About Paxos
Today’s financial infrastructure is archaic, expensive, inefficient and risky — supporting a system that leaves out more people than it lets in. So we’re rebuilding it.
We’re on a mission to open the world’s financial system to everyone by enabling the instant movement of any asset, any time, in a trustworthy way. For over a decade, we’ve built blockchain infrastructure that tokenizes, custodies, trades and settles assets for the world’s leading financial institutions, like Mastercard, Visa, Robinhood, and PayPal.
About the team
The Security team is a specialized, deeply technical, and vigilant group tasked with protecting our digital assets, customer funds, and sensitive data against a sophisticated threat landscape. The team has many pillars, such as Application and Blockchain Security, Cloud Security, Security Operations, GRC, and IT.
About the role
As an Application Security Engineer, you will be a key guardian of our financial and blockchain ecosystem, ensuring that the code we ship and run is secure by design. You will act as a "Breaker" by identifying complex vulnerabilities and a "Builder" by engineering automated solutions that empower our developers to move fast without compromising security. This role sits at the unique intersection of traditional Fintech and emerging Web3 technologies.
What you’ll do
- Perform deep-dive security reviews of web applications, APIs, and cloud infrastructure.

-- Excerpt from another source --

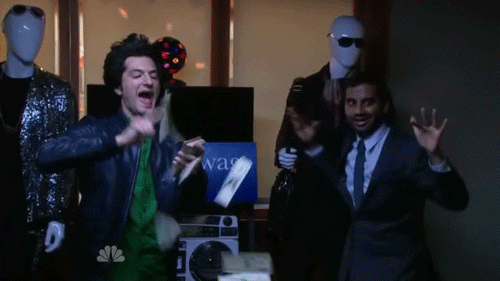 parks and recreation making it rain GIF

- Develop security-focused tools and libraries in Go, Java, or Ruby to assist developers in writing secure code.
- Support our blockchain initiatives by identifying risks in L1/L2 integrations and smart contract interactions.
- Manage and tune Web Application Firewalls (WAF) and cloud-native security controls.
- Contribute to the security culture through developer training and participating in incident response when necessary.
- Build and maintain the tooling that integrates security into our development lifecycle, moving from manual reviews to automated, scalable guardrails.